One of those invoices was to winterize the pool for $4,500.
But Strickland saw a poorly installed ripped tarp over the pool weighted down with cinder blocks and flower pots.
"The Redmonds were victimized twice. Once by fire and once by the Hardins," Florence said.
The insurance fraud squad figures the Hardins skimmed more than $155,000 of Redmond's insurance proceeds.
"I don't know what kind of person could do this to somebody in our situation," Jamie Redmond said.
Strickland learned where some of the money went -- $50,000 in cash withdrawals, $30,000 in food, restaurants and hotels, and $2,977 in a single night at the Tattletale's strip club.
"Have you defrauded the bankruptcy court by not telling the bankruptcy trustee about your windfall in this job?" Strickland asked Jonathan Hardin.

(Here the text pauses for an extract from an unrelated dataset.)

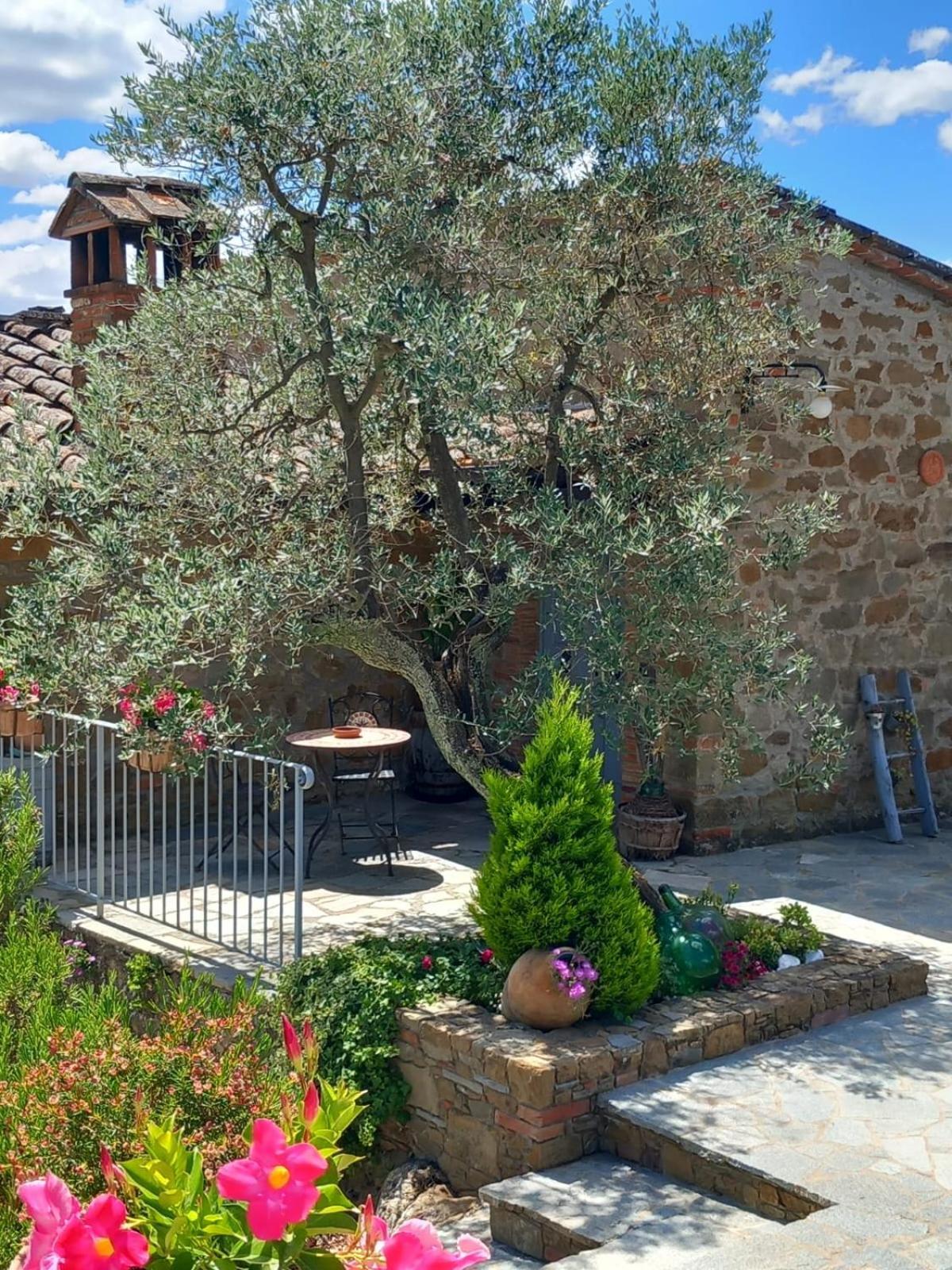 Villa Casolare Il Moro Monte San Savino Exterior foto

"I'm not sure how that works," Jonathan Hardin replied.
Jonathan Hardin is currently going through his third bankruptcy.
Joann Hardin has a separate bankruptcy underway.
"My anticipation of getting my money back from them is very low at this point," Nikki Redmond said.
The land she had built her house on has been part of her family for generations. Whether it'll ever be home again is uncertain.
"And the chance that them people could take it from us, it's almost indescribable," Jamie Redmond said.